On éloigne un arbre de la ville de vingt-cinq coudées ; un caroubier ou un sycomore, de cinquante. Abba Shaoul dit : tout arbre non fruitier, cinquante. Si la ville existait avant l’arbre, on coupe l’arbre sans indemnité. Si l’arbre existait avant la ville, on le coupe mais son propriétaire reçoit une indemnité. En cas de doute sur lequel existait d’abord, on coupe sans indemnité.
On éloigne une aire de battage permanente de la ville de cinquante coudées. On n’en établit pas dans son propre terrain sans disposer de cinquante coudées dans chaque direction, et on l’éloigne suffisamment des plantations et du terrain labouré de son voisin pour éviter les dommages causés par la poussière ou les débris.
On éloigne de la ville de cinquante coudées les cadavres, les cimetières et une tannerie. Une tannerie ne doit être installée qu’à l’est de la ville selon le premier avis. Rabbi Aqiva dit qu’elle peut être installée dans toute direction sauf à l’ouest, à condition de respecter cinquante coudées.

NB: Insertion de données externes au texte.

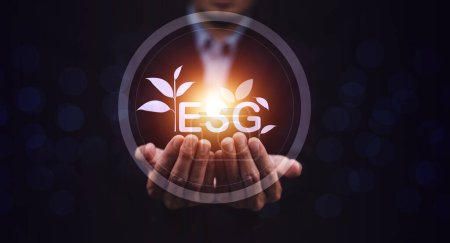 Téléchargez les photos : ESG écran visuel à portée de main.ESG gouvernance sociale environnementale concept d'investissement de la stratégie d'entreprise. - en image libre de droit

On éloigne un bassin de rouissage de légumes, les poireaux des oignons, et la moutarde des abeilles, lorsqu’ils se nuisent mutuellement. Rabbi Yossi permet le cas de la moutarde près des abeilles.
On éloigne un arbre d’une fosse de vingt-cinq coudées, et un caroubier ou sycomore de cinquante, que l’arbre soit plus haut ou sur le côté. Si la fosse était là la première, le propriétaire de l’arbre coupe et reçoit une indemnité. Si l’arbre était là le premier, il ne coupe pas. En cas de doute, il ne coupe pas. Rabbi Yossi dit : même si la fosse existait avant, il ne coupe pas, car l’un creuse dans son propre terrain et l’autre plante dans son propre terrain.
On ne plante pas un arbre près du champ de son voisin sans laisser quatre coudées, qu’il s’agisse de vignes ou d’un autre arbre. S’il y a une clôture entre les deux, chacun peut planter jusqu’à la clôture de son côté. Si des racines pénètrent dans le champ voisin, le voisin peut les couper jusqu’à une profondeur de trois téfahim afin qu’elles n’entravent pas la charrue. S’il creuse une fosse, un puits étroit ou une cave, il peut couper les racines aussi profondément que nécessaire ; le bois des racines lui appartient.
Un arbre penche sur le champ du voisin : celui-ci peut couper ce qui gêne le passage de la charrue jusqu’à la hauteur de l’aiguillon. Pour un caroubier ou un sycomore, il peut couper à la verticale de la limite. Dans un champ irrigué, il peut couper à la verticale tout arbre qui fait obstacle. Abba Shaoul dit : tout arbre non fruitier est coupé à la verticale.
Un arbre penche sur le domaine public : son propriétaire coupe suffisamment pour qu’un chameau et son cavalier puissent passer. Rabbi Yehouda dit : assez pour un chameau chargé de lin ou de fagots. Rabbi Shimon dit : on coupe tout ce qui dépasse à la verticale, à cause du risque lié à l’impureté transportée ou cachée sous les branches.